Business and Management
Submitted By kro04
Workshop 4 Problems
November 1, 2011
David R. Gray, Ph.D
1. Why are acquisition strategies popular in many firms competing in the global economy?
Because of globalization; deregulation of multiple industries in many different economies and favorable legislation; the number and size of domestic and cross-border acquisitions continues to increase; especially from emerging economies
2. What reasons account for firms’ decisions to use acquisition strategies as a means to achieving strategic competitiveness?
To increase market power; overcome entry barriers to new markets or regions; avoid costs of developing new products and increase the speed of new market entries; reduce the risk of entering a new business; become more diversified; reshape their competitive scope with different portfolio of businesses; and enhance their learning.
3. What are the seven primary problems that affect a firm’s efforts to successfully use an acquisition strategy?
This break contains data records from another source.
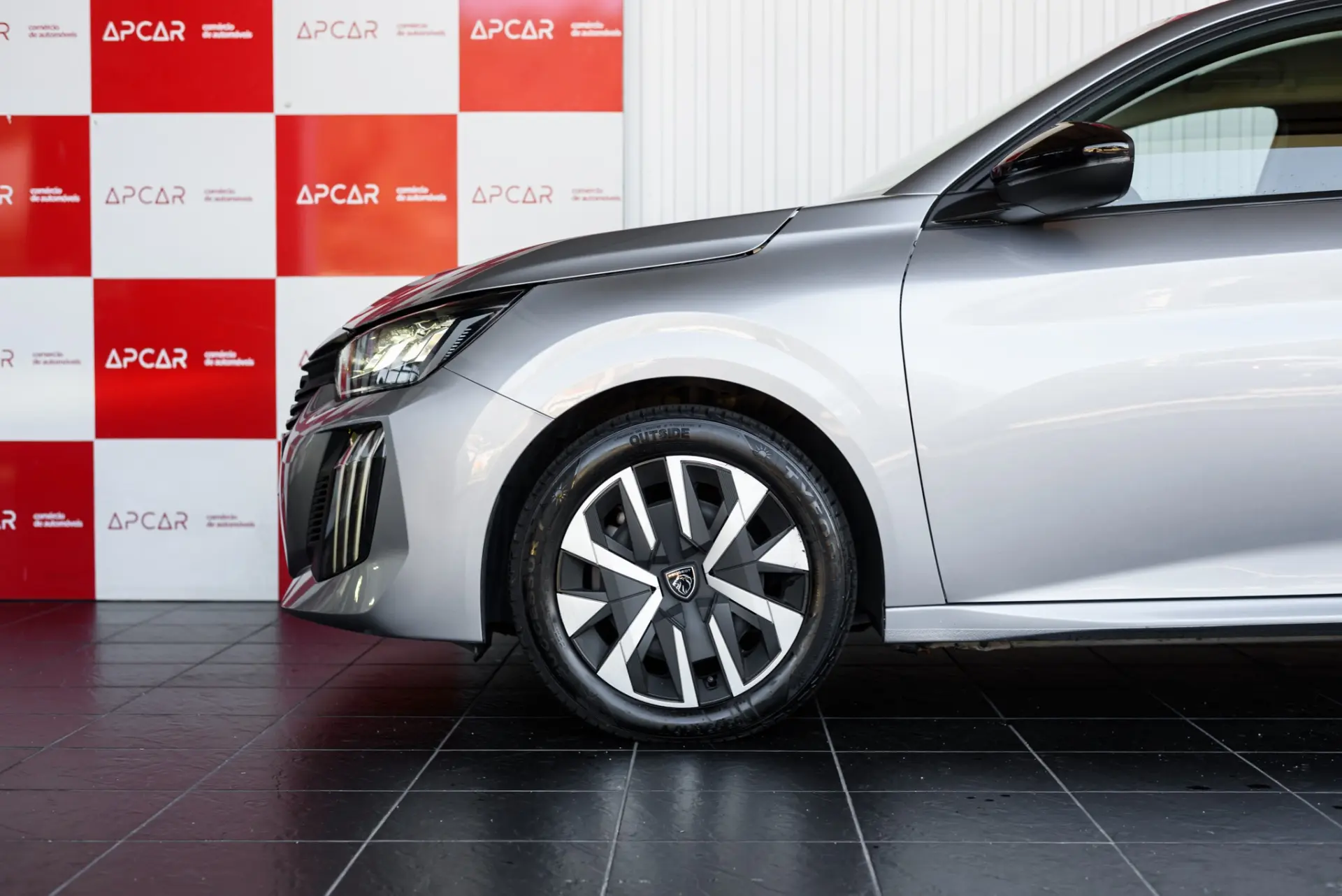 Peugeot 208 1.2 PureTech Active 9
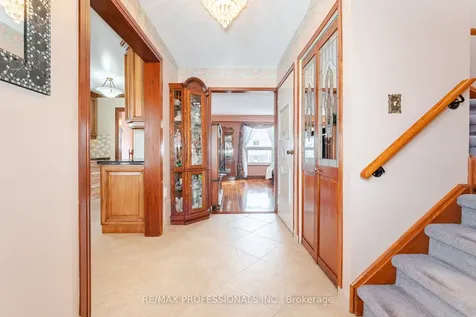 10 Oleander Crescent Brampton ON L6Z 2C2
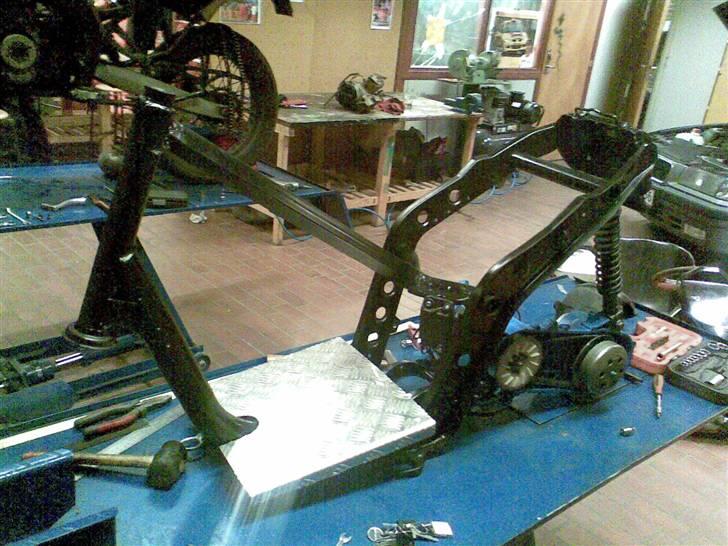 Piaggio zip Projekt 80 % - HimmielBlå & Blanksort <3 billede 1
Difficulty of effectively integrating the firms involved; incorrectly evaluating the target firm’s value; creating debt loads that preclude adequate long-term investment; overestimating the potential for synergy; creating a firm that is too diversified; creating an internal environment in which managers devote increasing amounts of their time and energy to analyzing and completing the acquisition; developing a combined firm that is too large (thereby necessitating extensive use of bureaucratic, rather than strategic, controls)
4. What are the attributes associated with a successful acquisition strategy?
Acquiring and target firms have complementary resources that can be the basis of core competencies in the newly created firm; acquisition is friendly, thereby facilitating integration of the two firms’ resources; the target firm is selected and purchased...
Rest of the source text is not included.